Esta inclinación revela dos supuestos cuestionables. Primero, que el status quo sería insuficiente para abordar la complejidad social actual. Por eso, mal que mal, se incentiva que haya más de todo lo anteriormente señalado. A su vez, deja entrever que lo existente no funcionaría adecuadamente, pues, de lo contrario, pensaría uno, el énfasis y los esfuerzos estarían en optimizar lo ya establecido y no en expandirlo (salvo, claro, que uno estime que agregando más sobre lo defectuoso se resolverán los defectos existentes).
No deja, por esto, de resultar sorprendente la persistencia con que el gobierno sigue aferrado a la idea de que más Estado es la solución, en circunstancias en que la historia, la realidad y la evidencia se empeñan en reafirmar el camino que conduce a mayores grados de libertad, bienestar, progreso y buen funcionamiento institucional. Esta vía no es sino aquella que privilegia la iniciativa privada y la colaboración entre diversos actores sociales, limitando la acción estatal a ámbitos donde es verdaderamente necesaria y anclado en el principio fundamental de que las comunidades y las organizaciones intermedias pueden, por regla general, resolver más eficientemente los desafíos sociales que se enfrentan.
Por esto cabría preguntarse si existe evidencia concreta que respalde que una mayor intervención estatal resuelve efectivamente los problemas que aquejan a los chilenos (bajo el supuesto de que más Estado es sinónimo de mejor Estado). Solo respondiéndola se podrá entender si dicho afán con que el gobierno orienta sus políticas obedece a criterios técnicos o a mera ceguera ideológica. El costo de esto, por supuesto, no es menor. Puesto que se prioriza la expansión por sobre la optimización, se renuncia al trabajo por hacerlo más eficiente, bien sea reestructurando (o eliminando) programas mal ejecutados o ineficientes, derogando leyes innecesarias, optimizando procesos, reduciendo el gasto público, o bien simplificando los trámites y permisos para llevar a cabo proyectos de inversión.

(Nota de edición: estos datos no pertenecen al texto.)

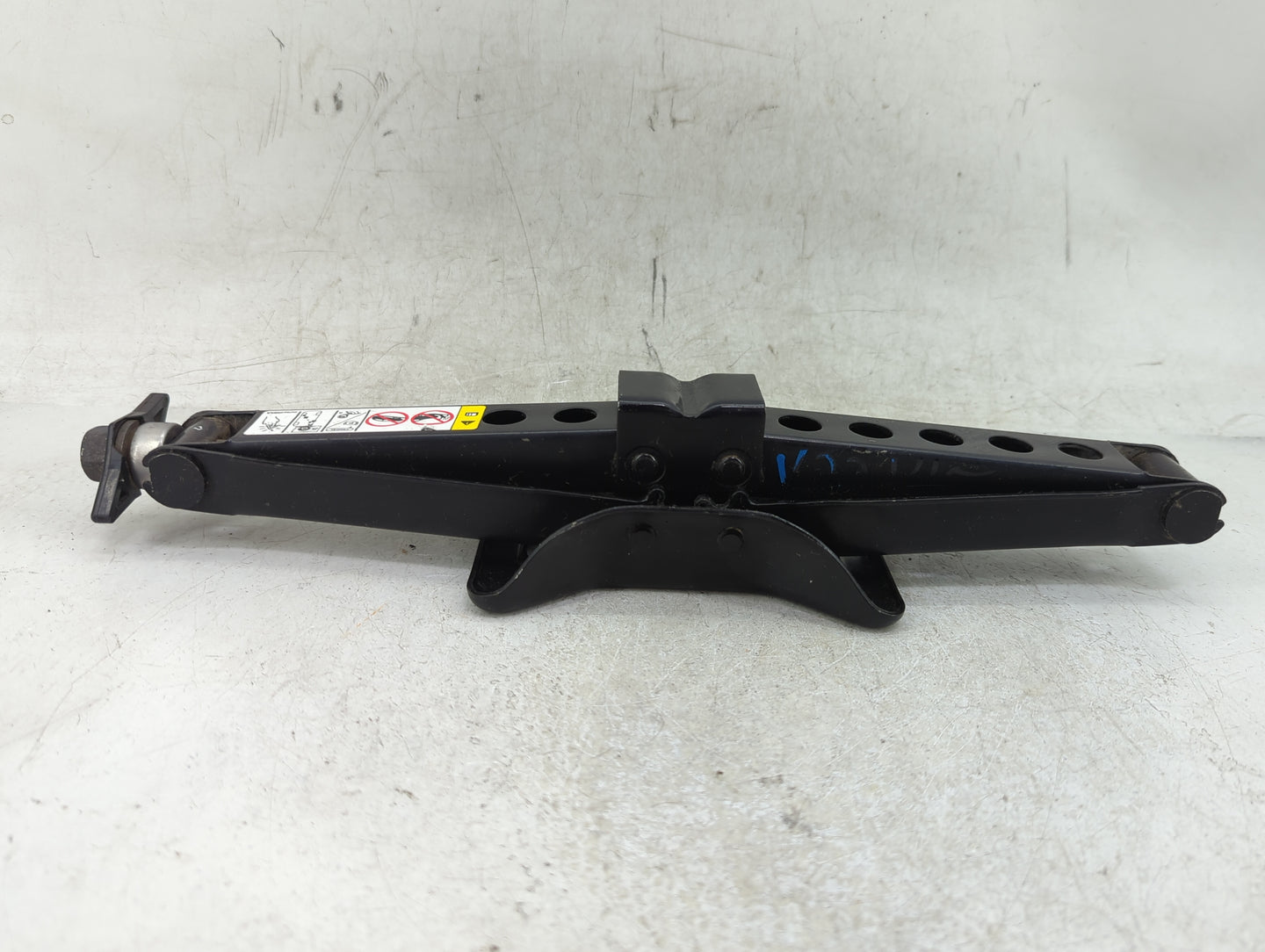 2022 Chrysler Voyager Spare Scissor Car Jack - Oemusedautoparts1.com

Uno pensaría que acometer esta tarea (optimizar por sobre expandir) es algo titánico, por cuanto exige recursos, comisiones y diagnósticos. Sin embargo, la realidad es que ese trabajo ya se ha venido trabajando en Chile (y a nivel comparado) desde hace tiempo, por lo que no sería necesario inventar ninguna rueda. Lo titánico sería, más bien, seguir pretendiendo que podemos progresar al alero del exceso de normas, regulaciones y trámites que tenemos.
Por eso, el esfuerzo radicaría, más bien, en cultivar una convicción que se sobreponga a la inmovilización que resulta cuando se constata la complejidad del asunto. De no hacerlo, terminaremos arribando (si es que no lo hemos hecho ya) a la conclusión de que acometer esta tarea es algo borgiano o, por lo bajo, kafkiano. ¿El resultado? Seguir condenados al pantano.
Difícilmente se puede pretender avanzar hacia un ideal de progreso si se desconoce el dinamismo de las sociedades modernas y se asfixia la actividad e iniciativa de los ciudadanos. Esto se traduce, finalmente, en una restricción del pluralismo democrático. De allí que seguir abrazando la expansión de un estatismo indiscriminado (y más aún, después del fracaso del primer proceso constitucional) resulte algo, además de insólito, difícil de sostenerse racionalmente.